● **What you need to do**
Starting with the line that contains "10 Milyon Lira", repeat exactly every line through the last one in the records below, and leave out the pictures.

[Start of section]

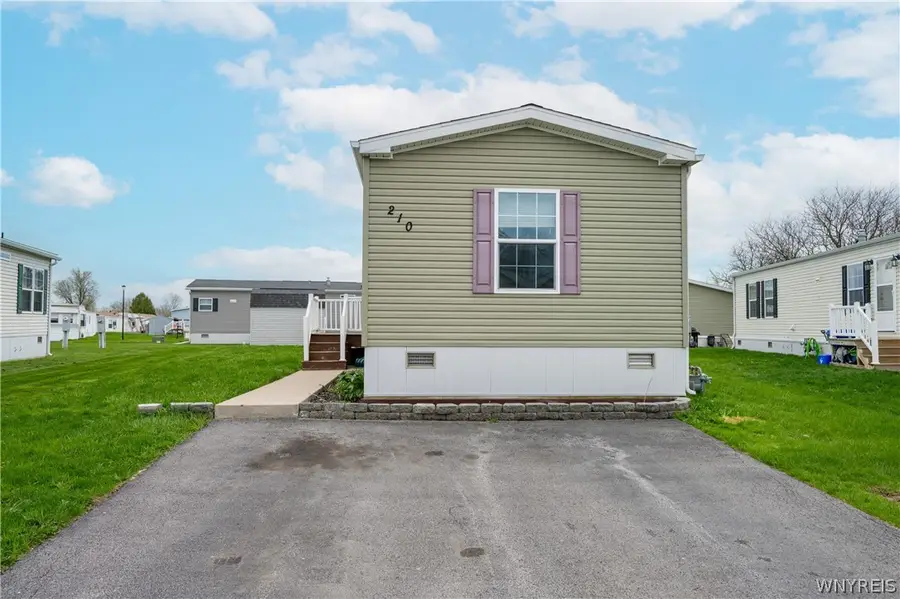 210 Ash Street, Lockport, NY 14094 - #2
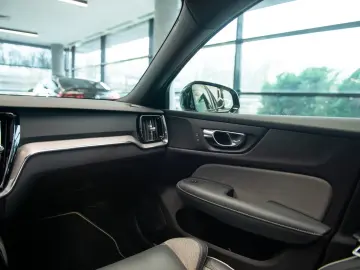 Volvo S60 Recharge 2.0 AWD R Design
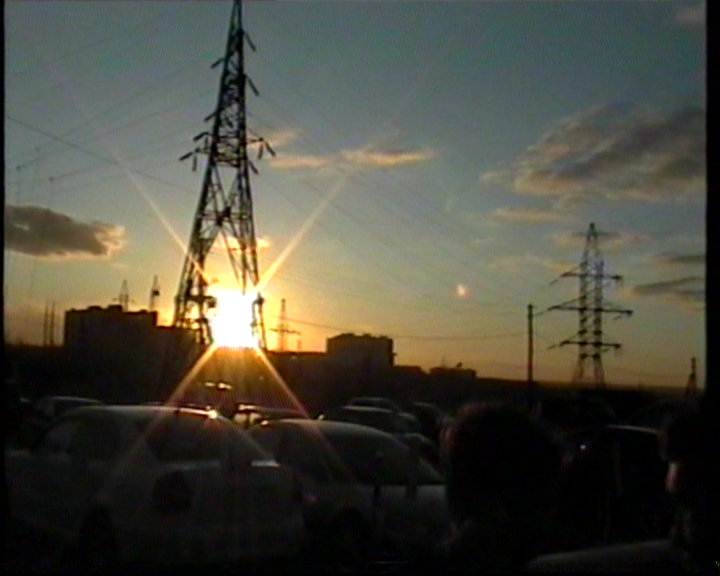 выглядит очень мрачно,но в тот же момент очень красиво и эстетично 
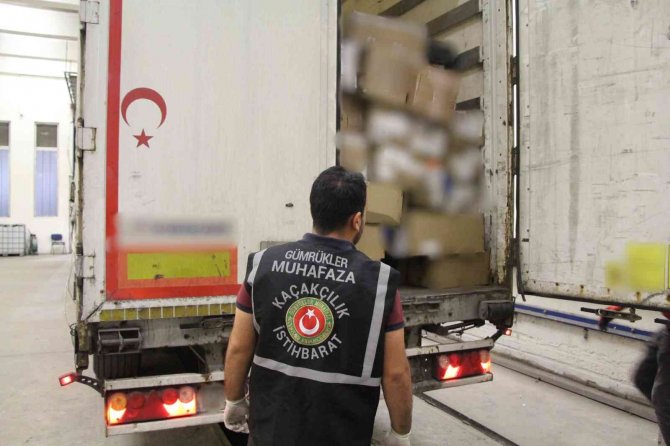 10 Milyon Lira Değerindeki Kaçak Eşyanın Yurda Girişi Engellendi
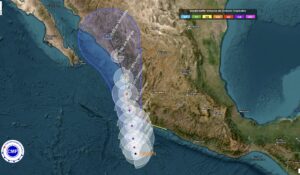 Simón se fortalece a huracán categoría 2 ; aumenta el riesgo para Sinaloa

[End of section]

● **Result of the exercise**
 10 Milyon Lira Değerindeki Kaçak Eşyanın Yurda Girişi Engellendi
 Simón se fortalece a huracán categoría 2 ; aumenta el riesgo para Sinaloa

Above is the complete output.